**TASK PROMPT**. All lines from the one with "Audi Q5 45 Tfsi" to the end of the data: return those exactly, and only those.

(Saved entries)
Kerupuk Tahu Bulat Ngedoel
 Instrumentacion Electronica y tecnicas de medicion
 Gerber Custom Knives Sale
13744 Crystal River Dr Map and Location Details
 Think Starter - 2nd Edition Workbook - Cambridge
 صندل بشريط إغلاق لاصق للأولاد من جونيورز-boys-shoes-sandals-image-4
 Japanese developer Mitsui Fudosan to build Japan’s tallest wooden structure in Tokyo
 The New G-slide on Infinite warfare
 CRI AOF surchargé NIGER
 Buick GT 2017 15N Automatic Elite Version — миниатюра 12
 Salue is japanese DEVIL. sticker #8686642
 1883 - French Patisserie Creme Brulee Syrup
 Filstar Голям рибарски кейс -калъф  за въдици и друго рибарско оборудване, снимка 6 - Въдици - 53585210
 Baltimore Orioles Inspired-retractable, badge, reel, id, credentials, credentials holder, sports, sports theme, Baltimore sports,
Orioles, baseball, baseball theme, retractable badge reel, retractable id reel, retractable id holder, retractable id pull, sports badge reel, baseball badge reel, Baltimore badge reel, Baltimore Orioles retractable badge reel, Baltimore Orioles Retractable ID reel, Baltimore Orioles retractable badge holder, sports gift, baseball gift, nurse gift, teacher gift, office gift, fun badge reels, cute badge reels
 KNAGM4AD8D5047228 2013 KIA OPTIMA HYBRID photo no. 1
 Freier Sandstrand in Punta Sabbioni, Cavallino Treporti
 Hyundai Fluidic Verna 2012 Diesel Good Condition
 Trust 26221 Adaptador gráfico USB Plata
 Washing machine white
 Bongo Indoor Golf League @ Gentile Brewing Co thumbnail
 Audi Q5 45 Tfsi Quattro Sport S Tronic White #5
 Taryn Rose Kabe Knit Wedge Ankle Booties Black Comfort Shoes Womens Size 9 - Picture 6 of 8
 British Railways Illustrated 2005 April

**ANSWER TO THE PROBLEM**.
 Audi Q5 45 Tfsi Quattro Sport S Tronic White #5
 Taryn Rose Kabe Knit Wedge Ankle Booties Black Comfort Shoes Womens Size 9 - Picture 6 of 8
 British Railways Illustrated 2005 April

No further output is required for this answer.